Daher gab es bei den letzten Quartalszahlen Kritik - der Bereich Internet Services, mit dem Xiaomi eigentlich glänzen will, wächst nicht im Verhältnis zu seinen verkauften Smartphones. Das meine ich mit "Schieflage" und "Schwachstelle". Denn Xiaomi lässt nicht erkennen, dass es hier fundamental etwas ändert. Es gab in der jüngsten Vergangenheit kaum Bestrebungen, Abo-Modelle zu konzipieren, neue Apps zu entwickeln oder anderweitig Konsumenten an das eigene Ökosystem zu binden. Hier wäre ich schon sehr überrascht, wenn die baldigen Quartalszahlen andeuten, dass Xiaomi zu seinen selbstgesteckten Zielen zurückfindet.
Was auch bedacht werden muss: Xiaomi läuft die Zeit davon. Der Absatz an Smartphones sinkt von Jahr zu Jahr, wenn die bald weiter Cash machen wollen, dann müssen sie den Transit zu anderen Einnahme-Quellen wie Internet Services schaffen. Denn auch wenn Xiaomi gegen Trend wächst ist hier in ein paar Jahren deutlich weniger zu holen.

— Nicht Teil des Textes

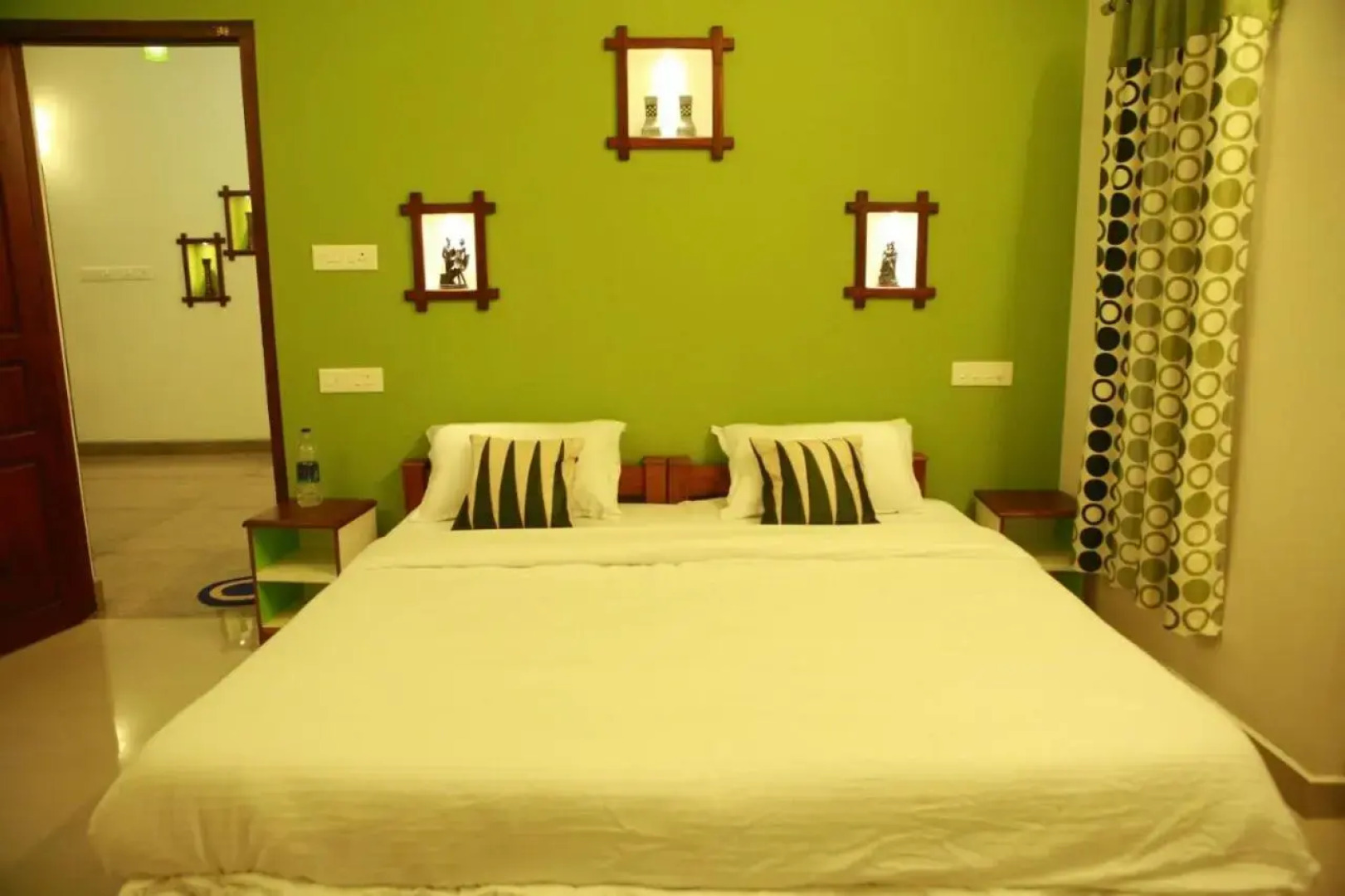 Mango Kerala Houseboats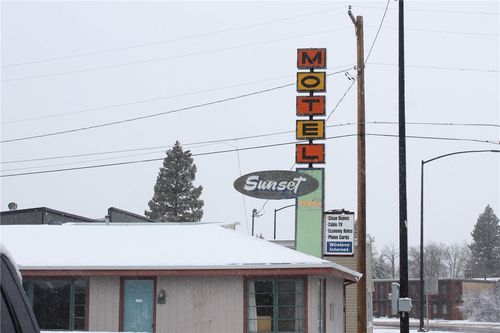 115 Ne Main St, Lewistown, MT, 59457-1931 | Card Image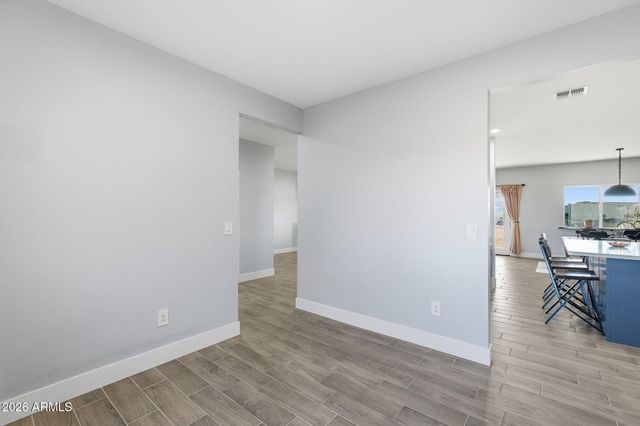 25123 W Peakview Road, Wittmann, AZ 85361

User hier schreiben immer wieder, Xiaomi sei so stark im Hardwareverkauf. Sind sie auch. Aber das gibt kaum Cash. Zumal Xiaomi nichts selber produziert. Alle wichtigen und teuren Komponenten kommen von Samsung, Sony, Isocell oder Qualcomm. Xiaomis Revenue im Harwarebereich ist daher sehr gering und wird sich durch die starke Konkurrenz zukünftig noch weiter schmälern, da Qualcomm zb. die Preise für seine Chips regelmäßig erhöht.
Zum Punkt 4: Wo konkret siehst du die Probleme für Xiaomi bzw. deren Chipproduzenten?
Xiaomi entwickelt wie gesagt keine Chips selber. Das Chip-Experiment Surge S1, was sie mal vor Jahren hatten, ist gescheitert. Sie sind daher enorm von Qualcomm und Mediatek abhängig. Die haben mal bei TSMC fertigen lassen, dort sind aber alle Kapazitäten erschöpft und größtenteils von Apple belegt (Der 5nm Bereich ist komplett belegt soweit ich weiß, viele andere Kapazitäten werden für Chips für Autos reserviert). Da die chinesische Chip-Schmiede SMIC langfristig durch US-Sanktionen handlungsunfähig gemacht wurde, kommt für Qualcomm nur noch eine Produktion bei Samsung infrage. Die bieten mit ihrem Exynos-Chip zwar eigene Konkurrenz, bieten aber aber noch Kapazitäten für andere Chips.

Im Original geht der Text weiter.